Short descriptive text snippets
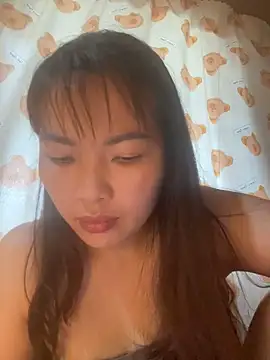 Snapshot of Milik-1022 chatting on 04/21/26, 01:42 Milik-1022 online show from 04/21/26, 01:42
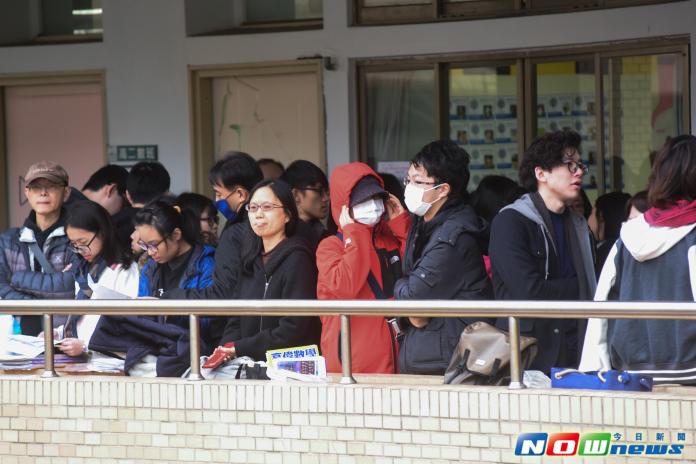 ▲106年學測於1月20日、21日登場，恰巧碰上冷氣團來襲不少考生冒著寒風應試。（圖／記者陳明安攝,20170120）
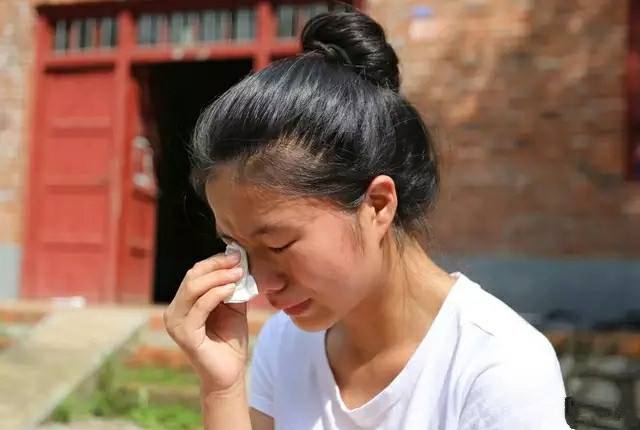 老公和闺蜜私奔,妻子照顾婆婆五年,收到一个包裹后哭了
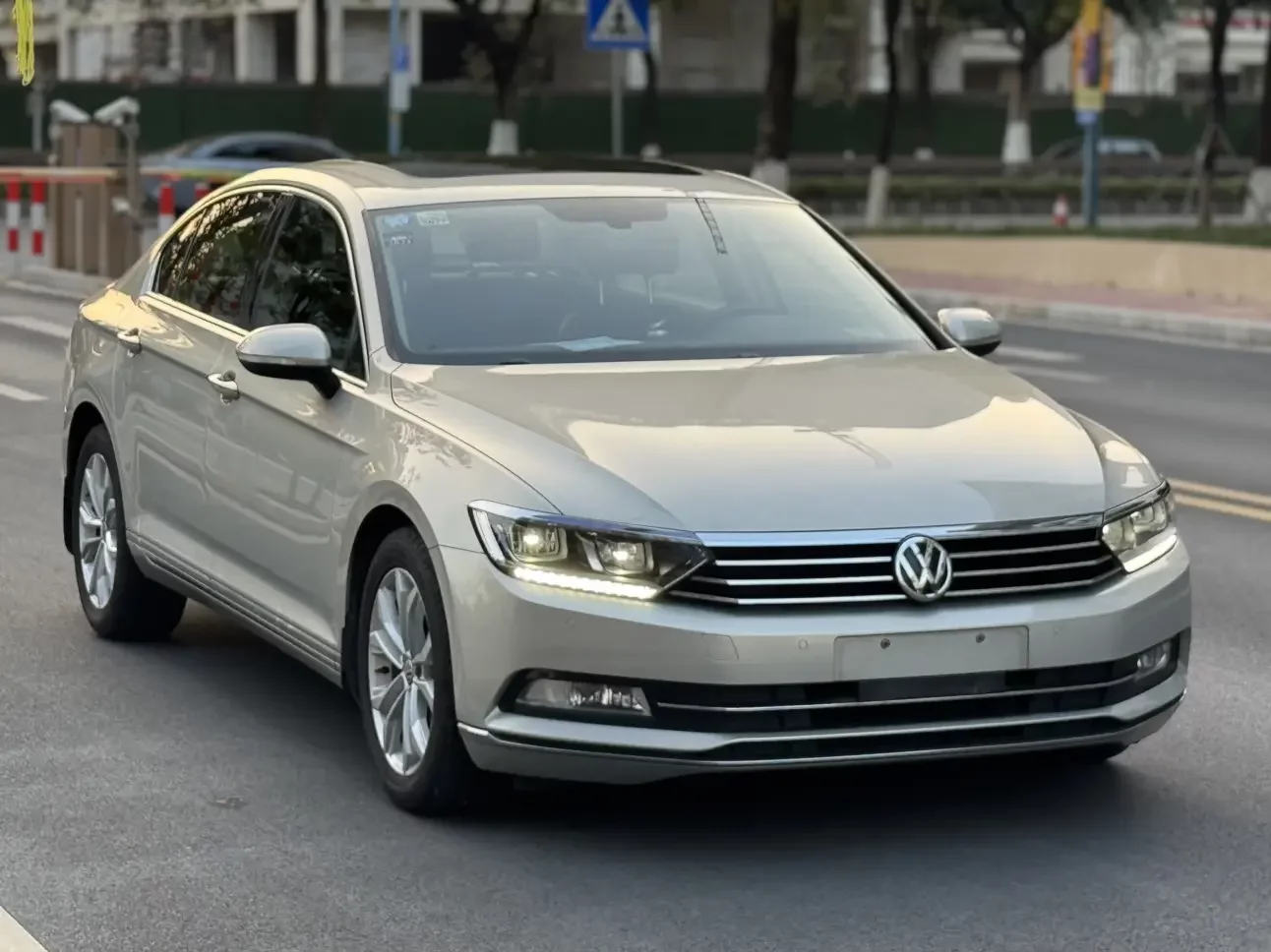 Volkswagen Magotan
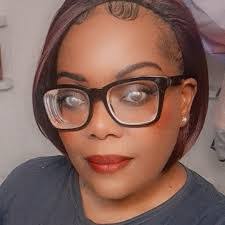 Crystal Briscoe's Instagram, Twitter & Facebook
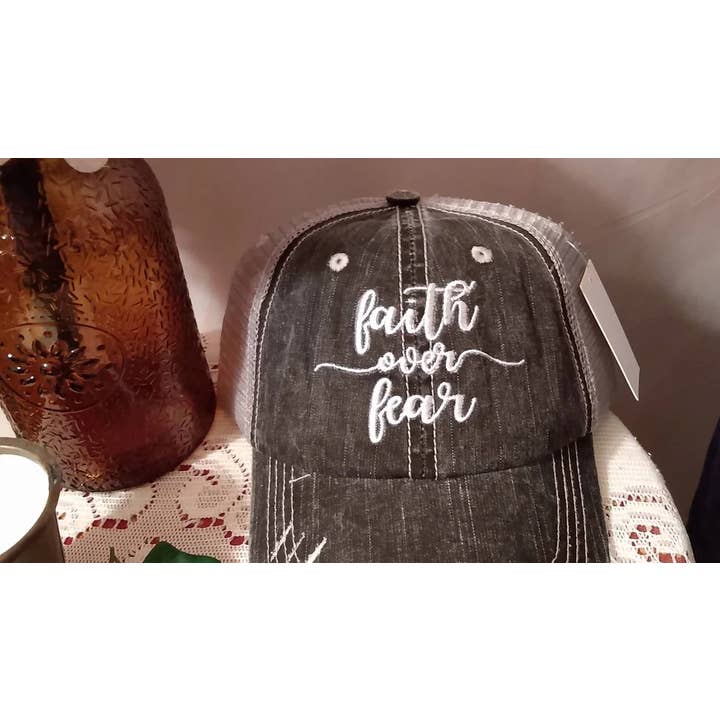 Fe Over Fear Trucker Sombrero para venta al por mayor de Jones & Ivy Collections, Inc.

## Problem
Take the line containing "Volkswagen Magotan" as the first line and the last line of the data above as the final one, and output exactly the lines between them, inclusive, with no pictures.

## Answer box
 Volkswagen Magotan
 Crystal Briscoe's Instagram, Twitter & Facebook
 Fe Over Fear Trucker Sombrero para venta al por mayor de Jones & Ivy Collections, Inc.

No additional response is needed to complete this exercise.